La Cour relève qu'il ressort d'un rapprochement comparatif des systèmes nationaux que le problème de la contestation de taxes illégalement réclamées ou de la restitution de taxes indûment payées, est résolu de différentes manières dans les divers États membres et même, à l'intérieur d'un même État, selon les divers types d'impôts et taxes en cause. Cette diversité des systèmes nationaux résulte notamment de l'absence de réglementation communautaire en matière de restitution de taxes nationales indûment perçues. Dans une telle situation, il appartient à l'ordre juridique interne de chaque État membre de désigner les juridictions compétentes et de régler les modalités procédurales des recours en justice destinés à assurer la sauvegarde des droits que les justiciables tirent du droit communautaire, pour autant que ces modalités ne soient pas moins favorables que celles concernant des recours similaires de nature interne (principe de l'équivalence) et qu'elles ne rendent pas en pratique impossible ou excessivement difficile l'exercice des droits conférés par l'ordre juridique communautaire (principe d'effectivité).
En ce qui concerne le principe d'effectivité, la Cour a reconnu la compatibilité avec le droit communautaire de la fixation de délais raisonnables de recours à peine de forclusion dans l'intérêt de la sécurité juridique qui protège à la fois le contribuable et l'administration concernés. En effet, de tels délais ne sont pas de nature à rendre pratiquement impossible ou excessivement difficile l'exercice des droits conférés par l'ordre juridique communautaire. A cet égard, un délai national de forclusion de trois ans qui court à compter de la date du paiement contesté apparaît raisonnable.

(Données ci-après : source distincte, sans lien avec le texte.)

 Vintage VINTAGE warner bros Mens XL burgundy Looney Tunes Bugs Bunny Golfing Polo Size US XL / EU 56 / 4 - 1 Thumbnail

Le respect du principe de l'équivalence exige que la modalité litigieuse s'applique indifféremment aux recours fondés sur la violation du droit communautaire et à ceux fondés sur la méconnaissance du droit interne, s'agissant d'un même type de taxes ou redevances. En l'espèce le délai de forclusion en cause vise non seulement la taxe de concession litigieuse mais aussi l'ensemble des taxes de concession gouvernementales. Le principe d'équivalence ne saurait en revanche être interprété comme obligeant un État membre à étendre à l'ensemble des actions en restitution de taxes ou redevances perçues en violation du droit communautaire, son régime de répétition interne le plus favorable. Ainsi, le droit communautaire ne s'oppose pas à ce que la législation d'un État membre comporte, à côté d'un délai de prescription de droit commun applicable aux actions en répétition de l'indu entre particuliers, des modalités particulières de réclamation et de recours en justice moins favorables pour la contestation des taxes et autres impositions.
S'agissant du problème de l'application d'un délai national de forclusion alors que la directive communautaire concernée n'avait pas encore été correctement transposée en droit national, la Cour renvoie à son arrêt "Fantask" du 2 décembre 1997, dans lequel elle a jugé que le droit communautaire n'interdit pas à un État membre, qui n'a pas correctement transposé la directive en cause, d'opposer aux actions en remboursement de droits perçus en violation de cette directive, un délai de prescription national qui court à compter de la date d'exigibilité de ces droits.
Quant au problème de la compatibilité avec le droit communautaire de dispositions nationales qui prévoient, pour toutes les obligations de remboursement à la charge de l'État, le versement d'intérêts au taux de 3% par semestre, alors que, selon les règles du code civil italien en matière de répétition de l'indu, le taux d'intérêt légal est de 10% par an, la Cour constate que le droit communautaire ne s'oppose pas à une telle législation.